To Microsoft’s credit, data security and governance are a major focus of theirs in the AI age. New capabilities continue to emerge across:


  • Microsoft Purview

  • Copilot‑specific controls

  • SharePoint and OneDrive sharing policies


These improvements, however, are iterative by nature.

And Copilot adoption is happening now.


This means organisations need practical, immediate mitigations alongside longer‑term governance transformation.


Immediate Measures Organisations Can Take


There are several actions organisations can implement today to reduce Copilot‑related exposure while broader governance programs mature.


1. Restricted Content Discovery (RCD)

For known sensitive sites, a Restricted Content Discovery policy can prevent Copilot from indexing and searching the site as a data source. While this does not resolve the underlying access issues, it significantly reduces the likelihood of Copilot surfacing high‑risk content.


2. Restricted Access Group (RAG)

A temporary control that reinforces a site’s existing permissions by overlaying an explicit list of users or groups permitted to access the site. This provides an additional safeguard while permissions are reviewed and remediated.


3. Sharing Link Expirations

Sharing links are often the largest source of unintended exposure, as they are frequently assumed to follow site permissions despite establishing independent access paths.


Practical steps include enforcing expiration on high‑exposure link types—such as anonymous and organisation‑wide links—after reviewing links based on attributes such as age and usage.


Taken together, these measures can materially reduce Copilot’s exposure surface in the short term.


Addressing the Mid‑ and Long‑Term Foundations


Immediate controls are essential, but they do not replace the need for sustained governance maturity.
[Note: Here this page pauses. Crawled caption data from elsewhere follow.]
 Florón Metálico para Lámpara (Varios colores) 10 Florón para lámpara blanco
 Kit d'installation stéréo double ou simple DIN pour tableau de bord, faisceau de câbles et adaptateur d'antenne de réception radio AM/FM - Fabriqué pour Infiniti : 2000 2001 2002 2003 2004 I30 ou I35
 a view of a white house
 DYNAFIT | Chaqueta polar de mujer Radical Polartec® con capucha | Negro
Organisations should concurrently work toward:

  • Regular access reviews across sites, libraries and the content within

  • Stronger access and sharing controls using structured access models, policies and automation

  • Data classification and protection through sensitivity labels to control who—including Copilot—can access sensitive information, regardless of where it lives

  • Clear ownership models and lifecycle management


These measures do not just reduce AI‑related risk—they strengthen overall data security.
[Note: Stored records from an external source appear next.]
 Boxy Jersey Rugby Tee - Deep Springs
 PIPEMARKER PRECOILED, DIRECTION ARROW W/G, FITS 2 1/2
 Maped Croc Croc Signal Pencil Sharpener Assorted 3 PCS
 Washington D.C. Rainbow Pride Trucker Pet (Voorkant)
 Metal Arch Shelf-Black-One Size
Copilot Is the Accelerator, Not the Fire


Microsoft 365 Copilot is not introducing a new category of data risk.

It is shining a very bright light on risks that have existed for years.


For organisations willing to address those realities, AI can be adopted confidently and responsibly. For those that do not, Copilot may simply surface issues faster and at far greater scale.


The good news is that with the right balance of immediate safeguards and strategic governance, this risk can be effectively managed while organisations continue to focus on the opportunities Copilot brings.